WHAT IS NEEDED: With the pictures left aside, write out exactly the lines of the listing below from the line with "Sushi Doodle Japanese" to the line with "24″ x 24″ Natural", both included, and only those.

EXERCISE MATERIAL:
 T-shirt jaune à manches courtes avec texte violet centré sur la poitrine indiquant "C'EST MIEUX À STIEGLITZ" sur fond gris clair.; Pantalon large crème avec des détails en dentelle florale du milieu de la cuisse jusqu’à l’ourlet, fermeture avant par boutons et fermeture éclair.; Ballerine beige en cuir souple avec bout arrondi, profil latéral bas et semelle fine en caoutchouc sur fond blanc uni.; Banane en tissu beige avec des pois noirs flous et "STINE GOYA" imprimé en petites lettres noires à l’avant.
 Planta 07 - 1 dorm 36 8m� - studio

...

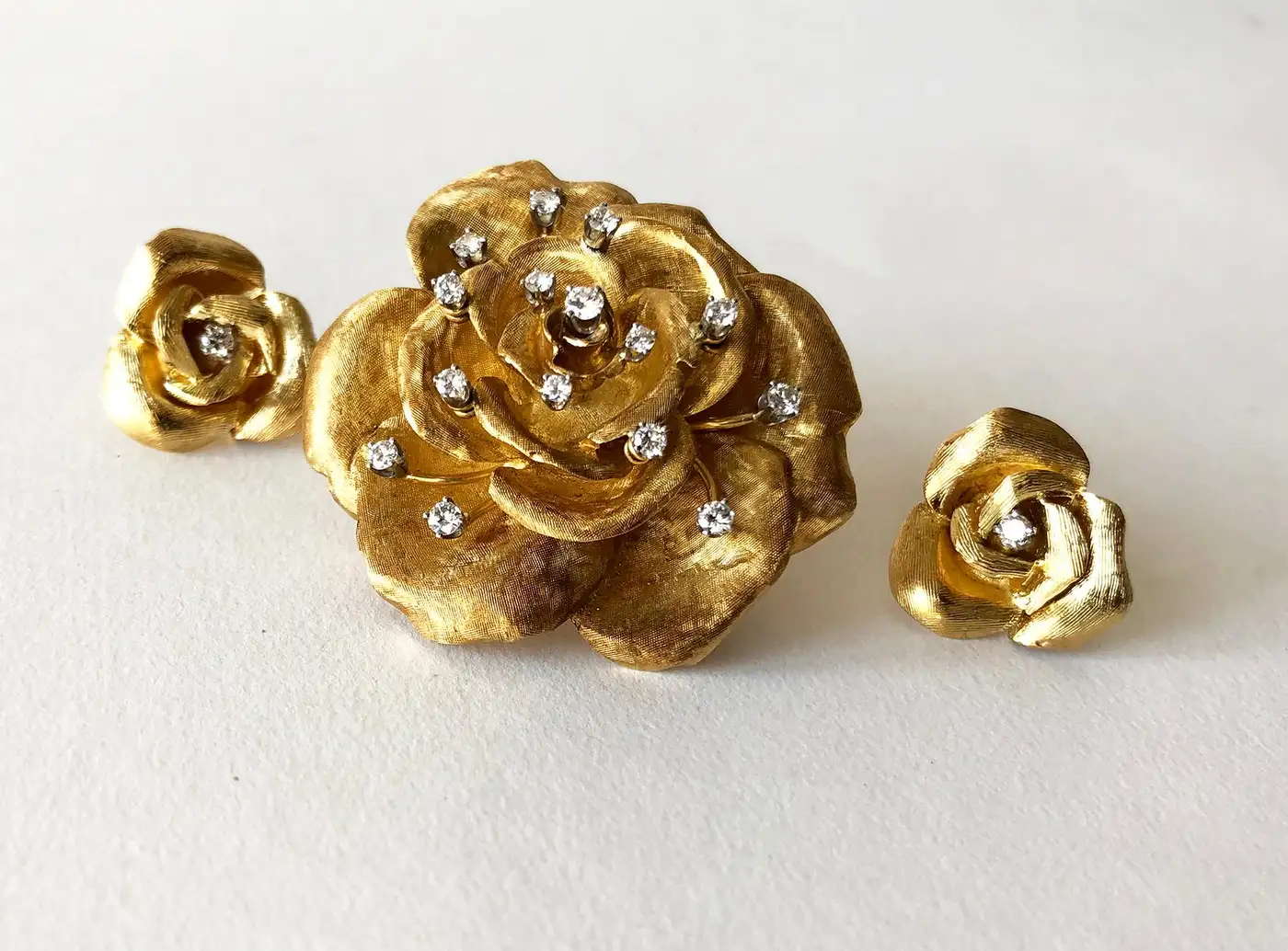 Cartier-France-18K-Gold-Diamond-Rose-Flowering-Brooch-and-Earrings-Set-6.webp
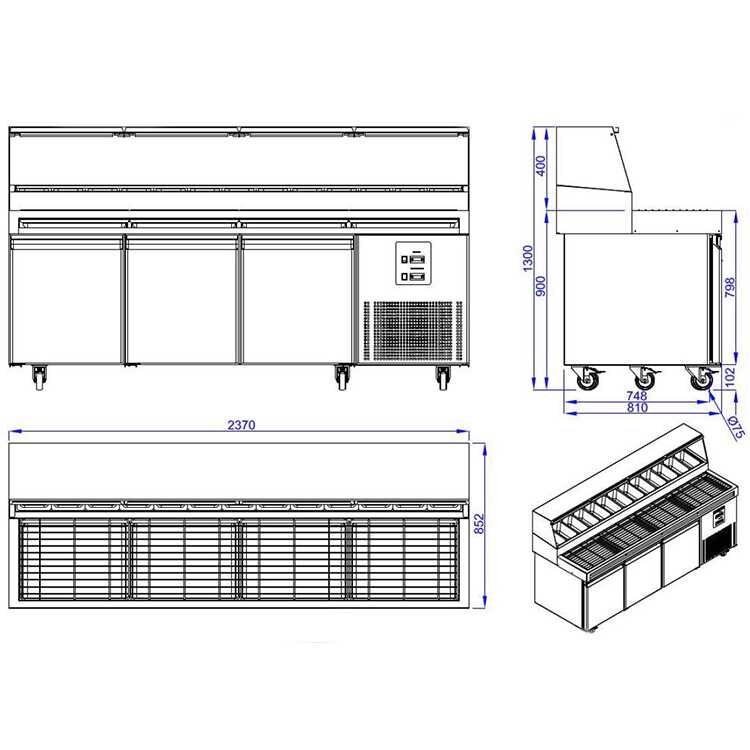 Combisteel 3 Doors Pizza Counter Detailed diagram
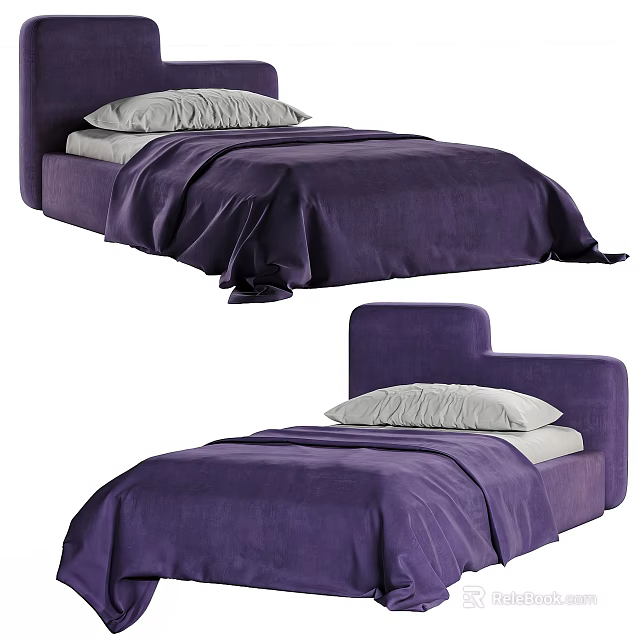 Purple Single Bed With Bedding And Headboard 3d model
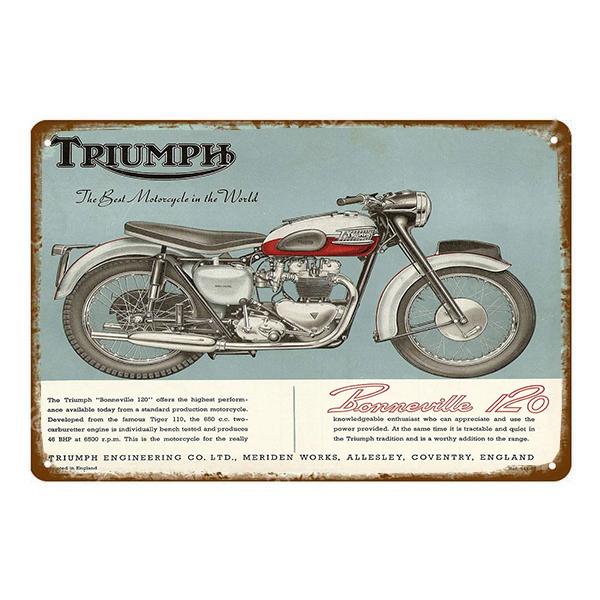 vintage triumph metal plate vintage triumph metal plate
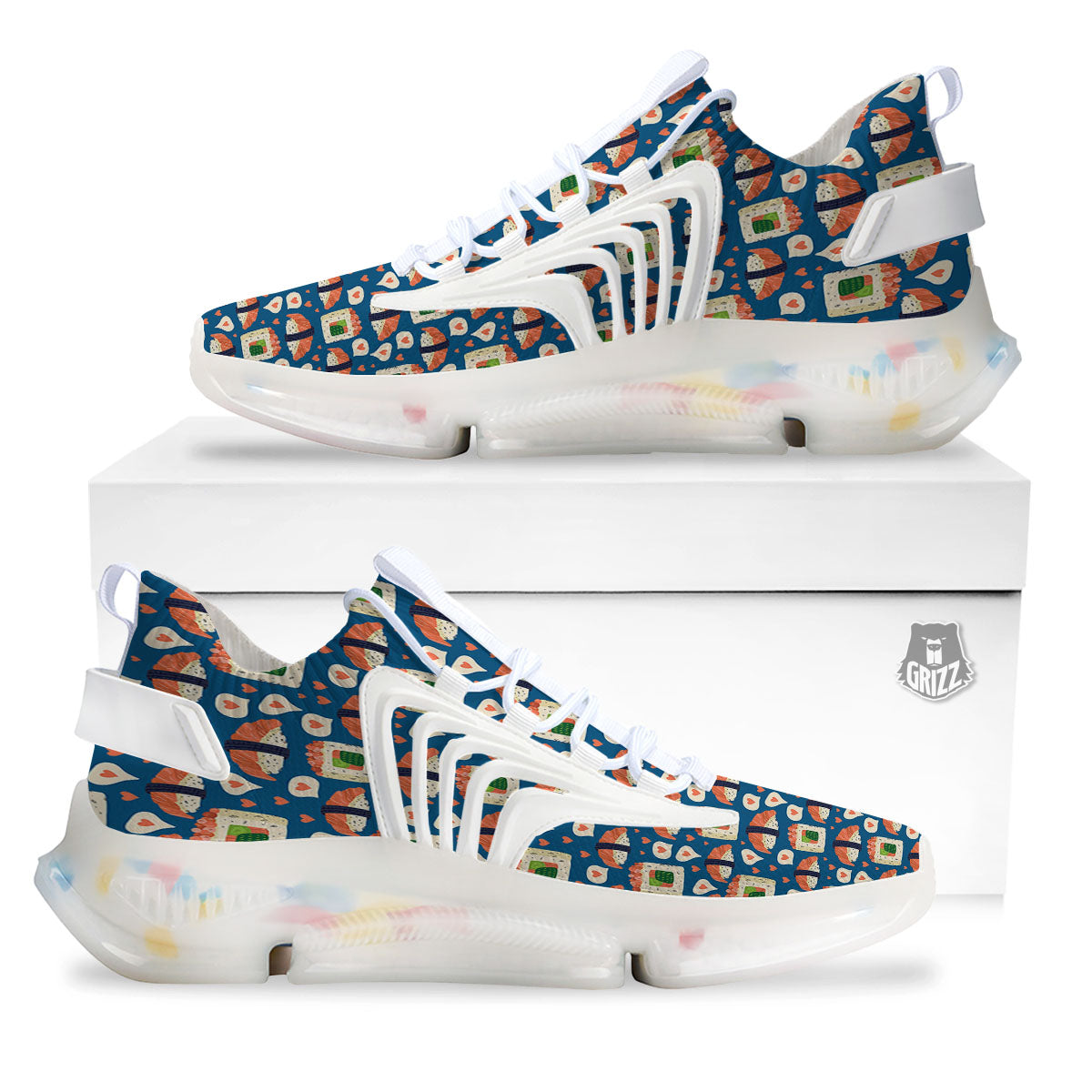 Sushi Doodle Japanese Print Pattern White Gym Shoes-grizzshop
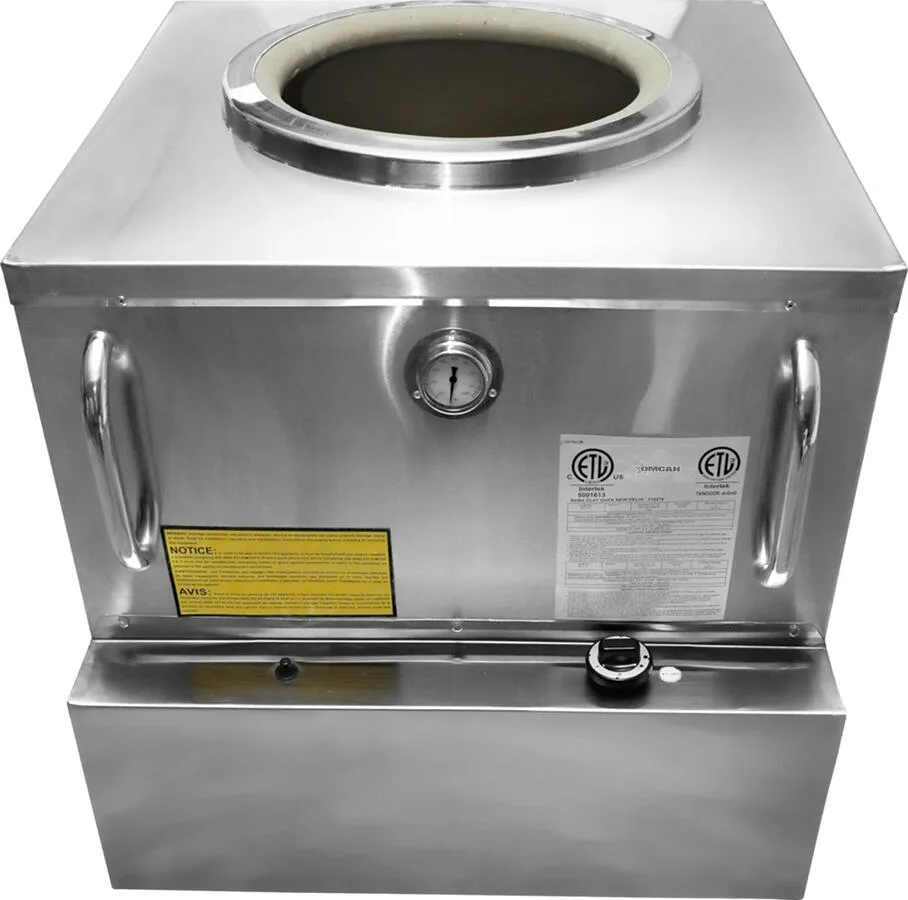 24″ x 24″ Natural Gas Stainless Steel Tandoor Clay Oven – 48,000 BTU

---

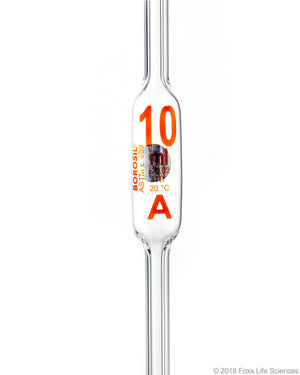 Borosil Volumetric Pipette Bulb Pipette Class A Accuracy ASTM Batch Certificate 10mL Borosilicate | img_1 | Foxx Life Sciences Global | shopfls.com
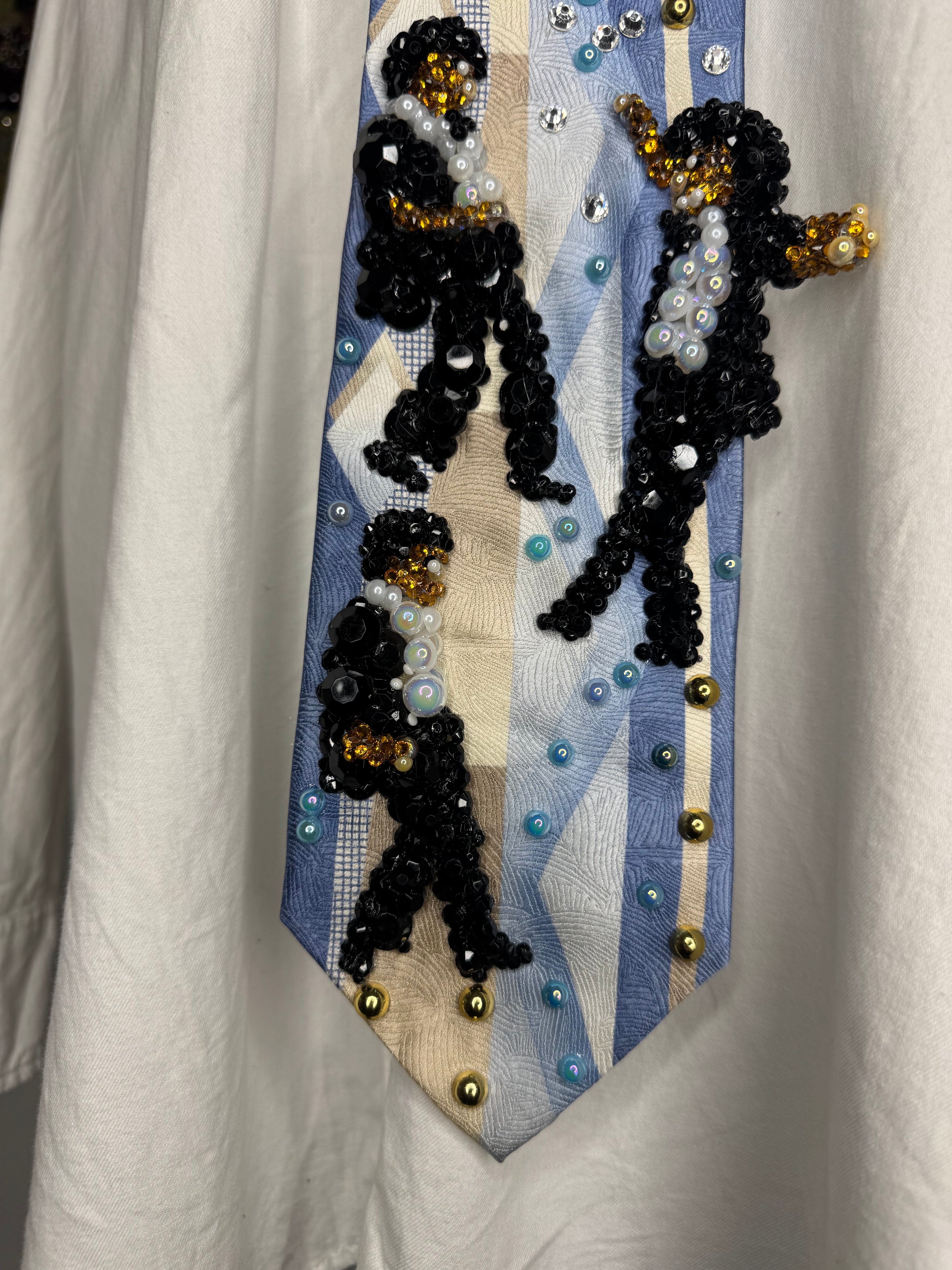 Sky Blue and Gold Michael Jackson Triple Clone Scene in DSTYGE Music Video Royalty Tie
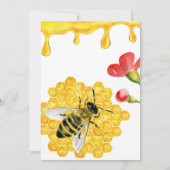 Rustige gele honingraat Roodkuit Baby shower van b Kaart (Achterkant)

EXERCISE SOLUTION:
 Sushi Doodle Japanese Print Pattern White Gym Shoes-grizzshop
 24″ x 24″ Natural Gas Stainless Steel Tandoor Clay Oven – 48,000 BTU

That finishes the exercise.